-- DESCRIPTION OF THE TASK --
Reproduce only the lines below from the line containing "SKMEI 1747 Simple" to the line containing "2 In 1 Liquid Waterproof Eyeliner Pen", exactly as written, with both end lines kept. Omit the pictures.

-- RECORD EXTRACTS --
=-=-=

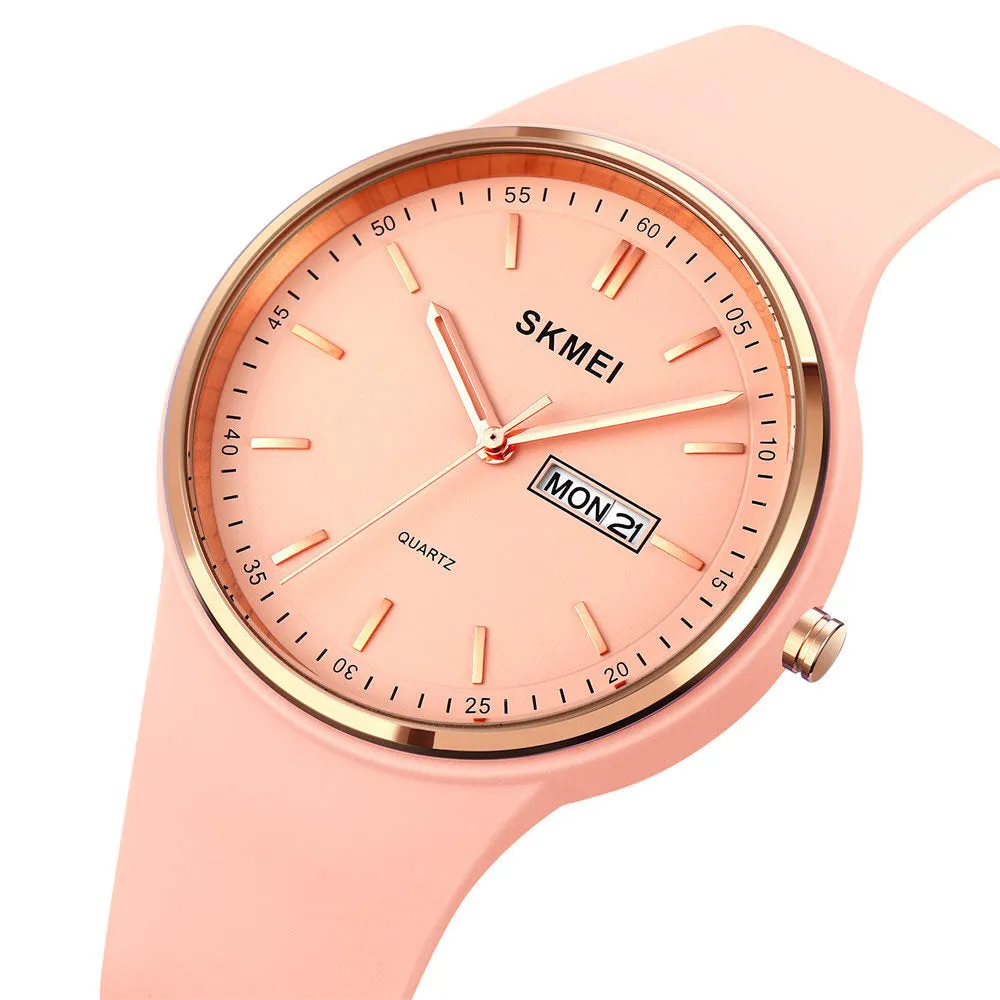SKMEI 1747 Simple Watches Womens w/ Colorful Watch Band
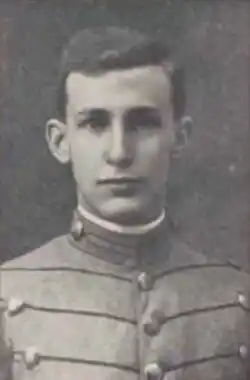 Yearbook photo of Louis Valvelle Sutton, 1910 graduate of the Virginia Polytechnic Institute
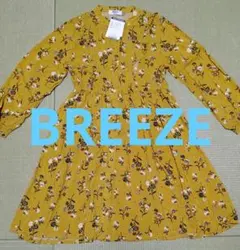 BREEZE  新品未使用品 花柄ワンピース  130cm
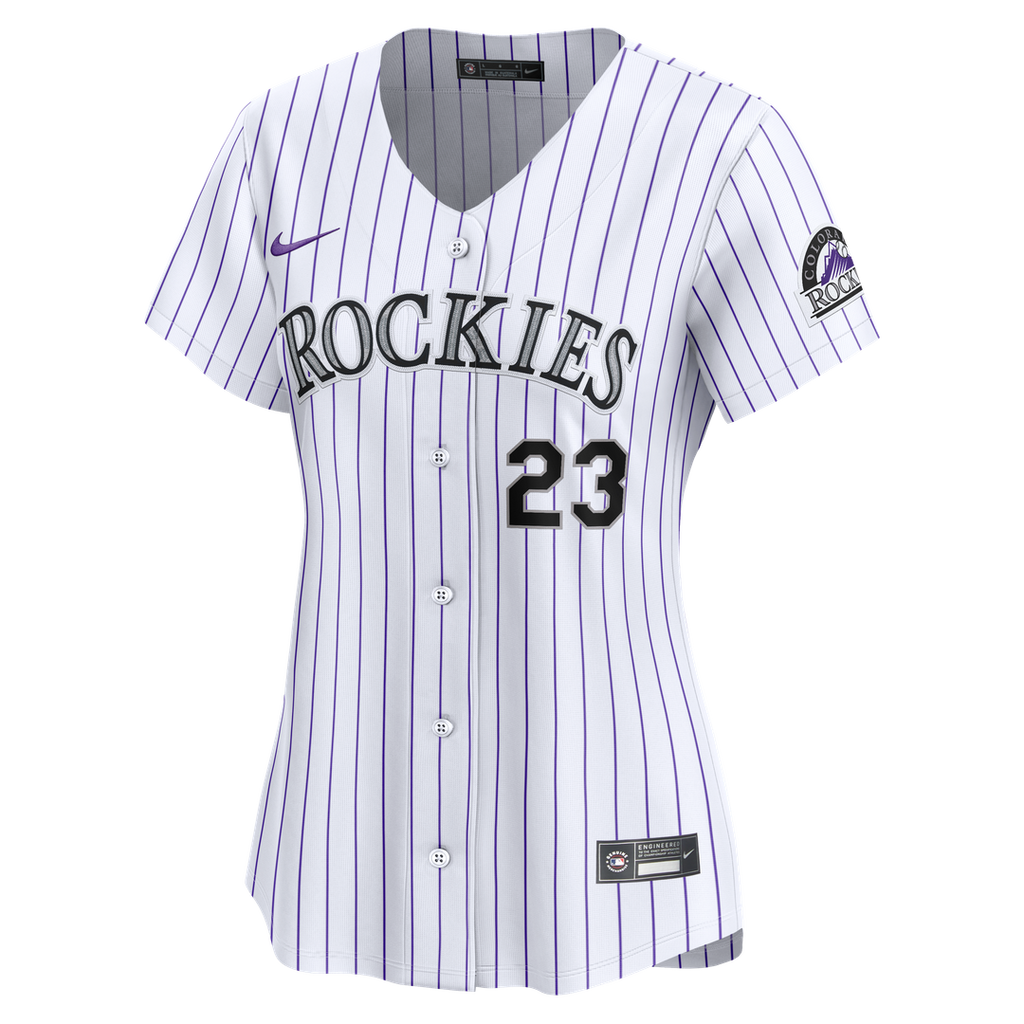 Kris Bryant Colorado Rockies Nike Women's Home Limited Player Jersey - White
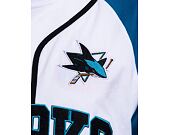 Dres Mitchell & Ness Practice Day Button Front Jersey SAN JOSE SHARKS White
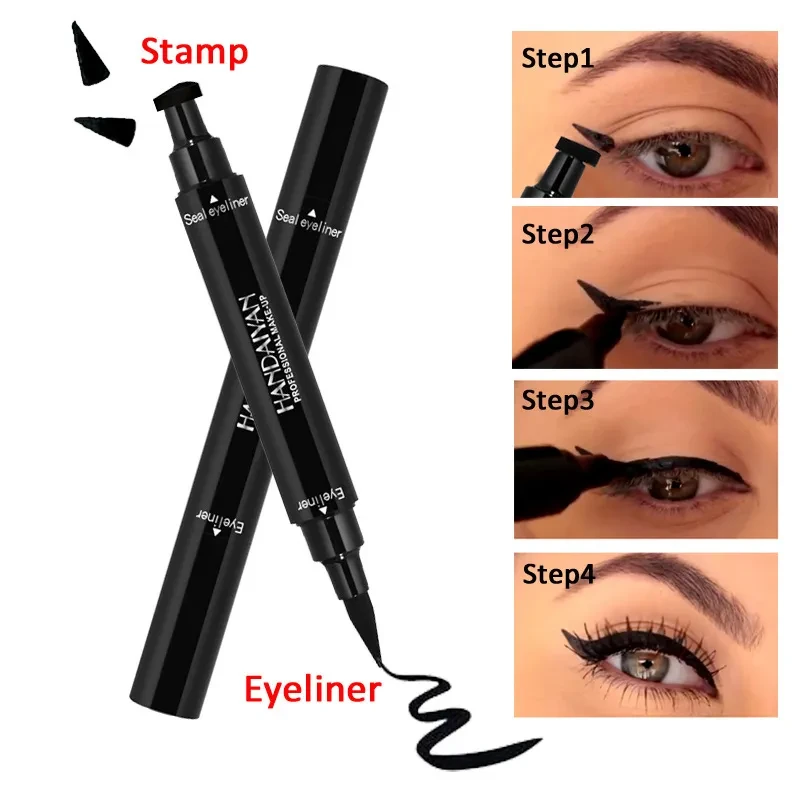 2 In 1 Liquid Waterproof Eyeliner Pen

=-=-=

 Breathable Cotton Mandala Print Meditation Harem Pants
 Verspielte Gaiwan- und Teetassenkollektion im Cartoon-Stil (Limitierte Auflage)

=-=-=

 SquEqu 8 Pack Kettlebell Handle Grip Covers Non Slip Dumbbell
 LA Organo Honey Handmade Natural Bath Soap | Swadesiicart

=-=-=

-- SOLVED PROBLEM --
SKMEI 1747 Simple Watches Womens w/ Colorful Watch Band
 Yearbook photo of Louis Valvelle Sutton, 1910 graduate of the Virginia Polytechnic Institute
 BREEZE  新品未使用品 花柄ワンピース  130cm
 Kris Bryant Colorado Rockies Nike Women's Home Limited Player Jersey - White
 Dres Mitchell & Ness Practice Day Button Front Jersey SAN JOSE SHARKS White
 2 In 1 Liquid Waterproof Eyeliner Pen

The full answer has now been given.